Now, with a sense of urgency rising at what’s being called both the “thriller in Glasgow” and “our last chance” to save the climate, many of Norway’s new but same players will be active again. Eide will, along with his counterpart from Singapore, lead negotiations for new regulations for the thorny international market for climate quotas. “We’re part of the EU’s quota market, which functions,” Eide has noted, but older quota systems from the Kyoto summit “are more uncertain” and unreliable. The UN summit hinges, after all, on creating confidence in international climate rules and regulations that will work and be followed.
Norway’s challenge in Glasgow and elsewhere is its ongoing position (adhered to by prime ministers from Stoltenberg to Solberg to Støre and several before them) that Norway’s oil is part of the solution and not the problem. Like Solberg, Støre contends that halting Norway’s industry will also end its so-called “green shift.” They firmly believe that Norwegian oil, produced with relatively low emissions compared to many other countries and in a transparent and democratic country, is simply better than a lot of the oil produced in other less-open and democratic countries.
There will be pressure on Norway, not least from the EU’s new ban on oil and gas from the Arctic. Neither Eide nor Norway’s new Oil & Energy Minister Marte Mjøs Persen (who’s notably not traveling to the summit in Glasgow) seem overly concerned by the EU ban, believing it will mostly be a matter of defining the Arctic itself and what constitutes it. They don’t believe it will include oil and gas from oil fields off much of Northern Norway.
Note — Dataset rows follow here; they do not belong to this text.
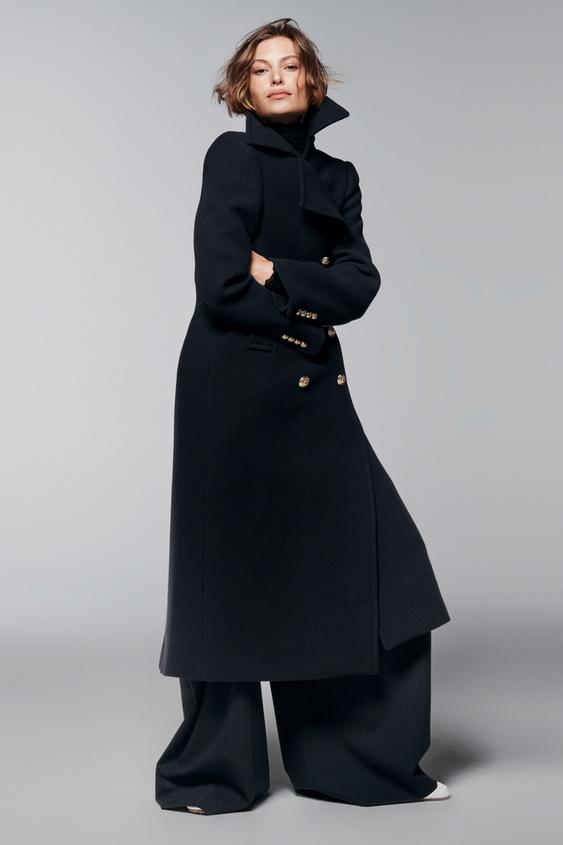 MANTEAU LONG MÉLANGE LAINE ZW COLLECTION – Zara
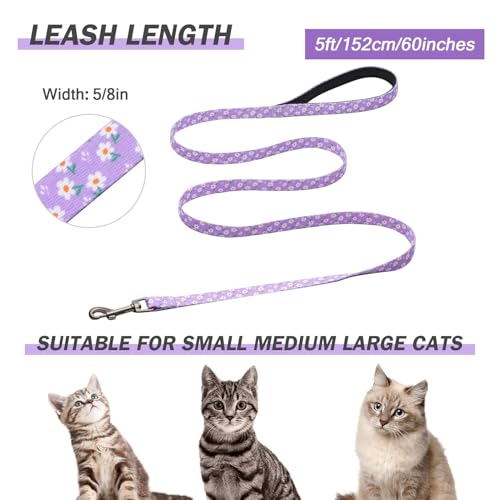 Hikiko Cat Harness and Leash Set Escape Proof Adjustable Walking Travel Cute Girl Kitten Harness for Small Medium Large Ca...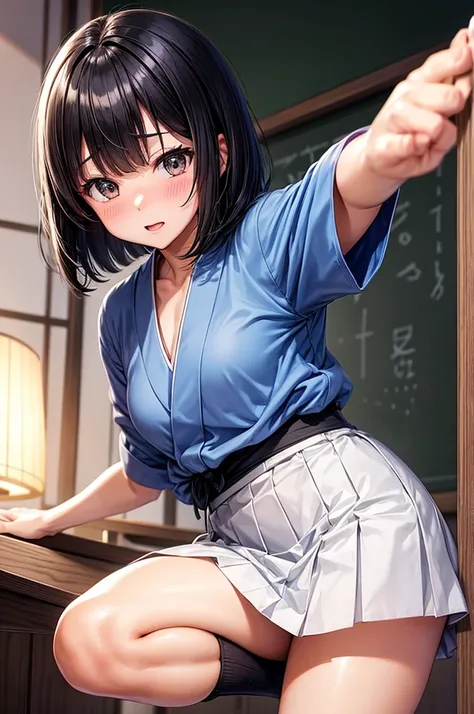 Best image quality, Japanese Classroom, In underwear, Flip up the skirt, Embarrassed face, woman, Black Hair, Bob Hair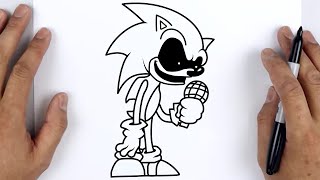 HOW TO DRAW SONIC EXE | Friday Night Funkin (FNF) - Easy Step By Step Tutorial For Beginners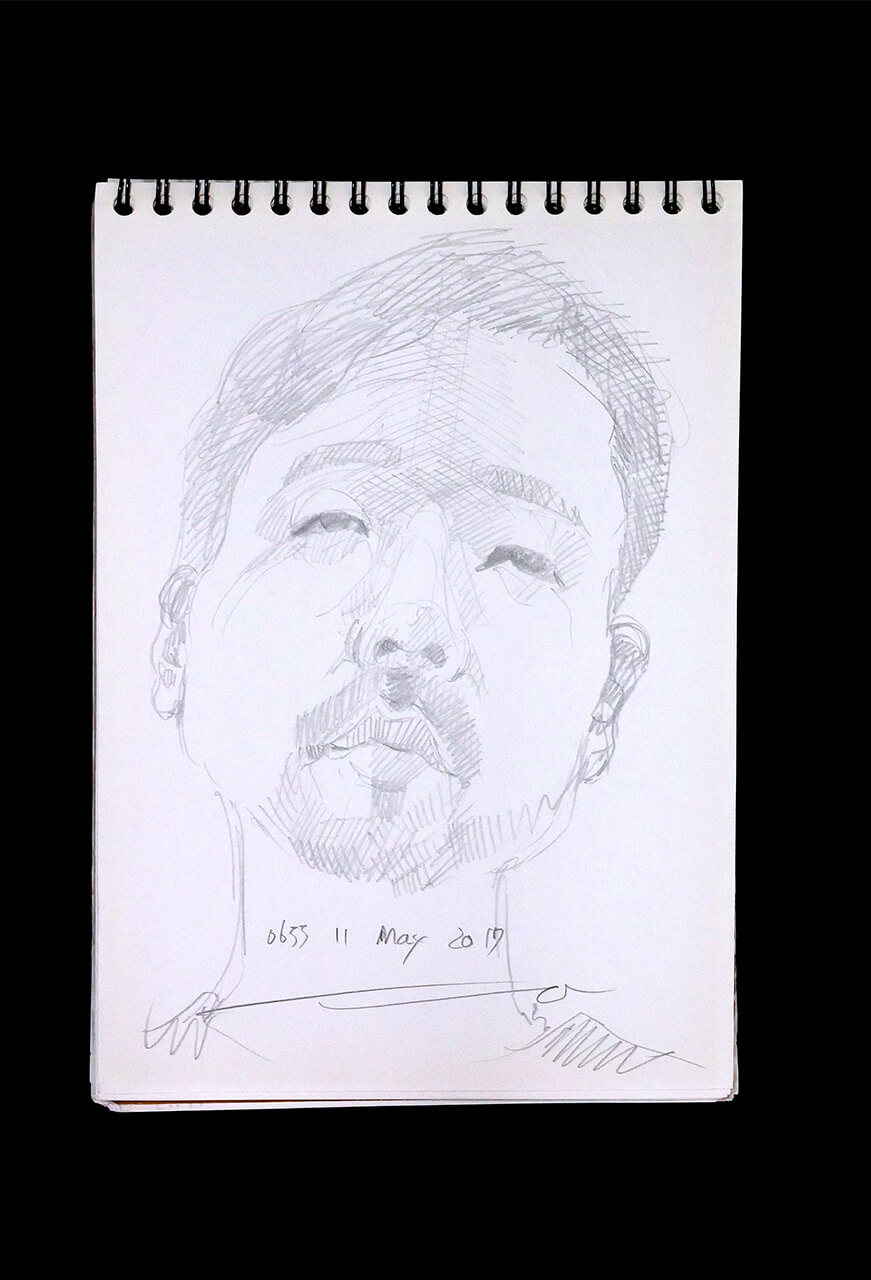 Contemporary artist SHINTAKU Tomoni's 2017/5/11 Self-portrait or pencil drawing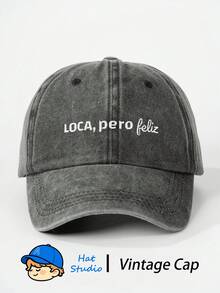 1pc Distressed Embroidered Washed Baseball Cap, Classic Casual Vintage Style, Soft Sweatband, Adjustable Size, Sun Protection Design, Versatile Retro Dad Hat, Suitable For Outdoor Sports, Daily Wear, Gatherings And Vacations, Perfect Gift For Family And Friends - Baseball Cap - View 2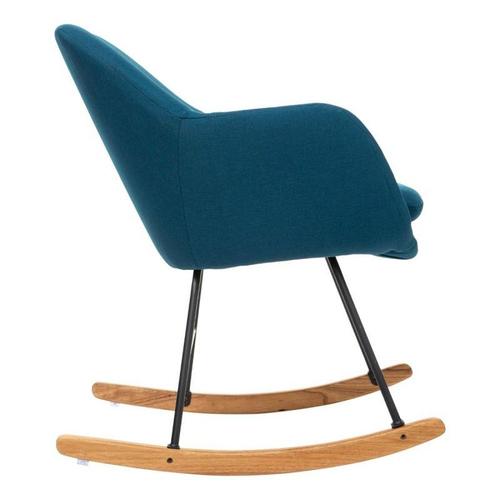 Fauteuil À Bascule Rocking Chair En Tissu Bleu Canard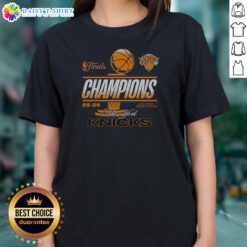 Awesome New York Knicks 2025 2026 Finals Champions National Basketball Association Team Ladies Shirt in white with bold team graphics
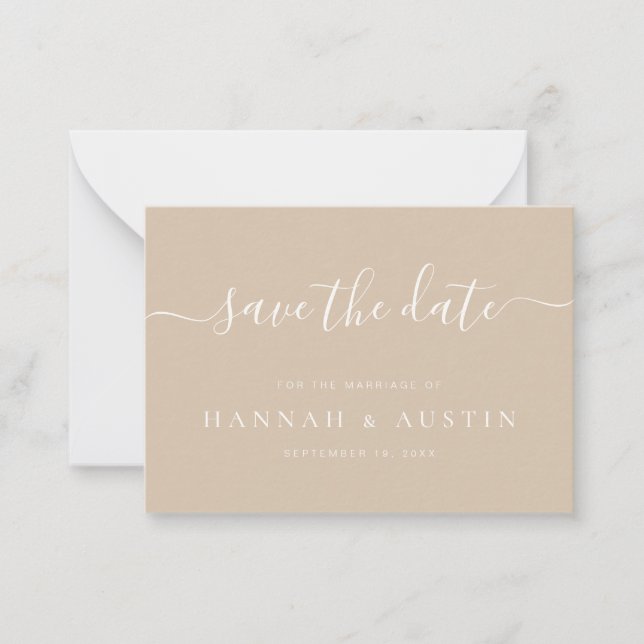 Budget Minimalist Elegant Wedding Save The Date Card (Front)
Støre himself is prepared for critical questions in Glasgow, and told NRK during the weekend that “we will answer them well.” He stressed that Norway “puts strict demands on our oil fields to bring carbon emissions down by 50 percent by 2030. We will also have a very active business policy to bring forth the new sources of renewable energy and technology for them.
There was at least some good news when leaders of the world’s 20 largest economies agreed during the weekend to continue to limit global warming to 1.5 degrees. Some experts, including those at Norway’s own respected classification and analysis firm DNV, claim that means Europe must have zero emissions in 2042. That in turn will make it necessary to impose a worldwide carbon tax that should be at least the equivalent of USD 250 in Europe (Norway has agreed on that already). In addition come a need for bans on all power plants fueled by coal or oil by 2040, electrification of everything that can be electrified (even some of Norway’s oil fields are being electrified from the mainland) and use of hydrogen, synthetic or biofuel where electrification can’t occur.
Commentator Kjetil B Alstadheim in newspaper Aftenposten questioned the need for a two-week climate summit in Glasgow, claiming that the G20’s weekend in Rome should have been enough to solve the climate crisis. With China, the US, India and the rest of the G20 standing for 85 percent of the world’s emissions, Alstadheim thinks they should have been able to decide on a price for emissions, and to then cut their own emissions to cut the resulting bill.
In the global framework, Norway is a small player and its own emissions are miniscule compared to other countries’. It exports the oil that causes emissions elsewhere, though, and that what makes Norway jointly responsible for the crisis. And to be held accountable, too.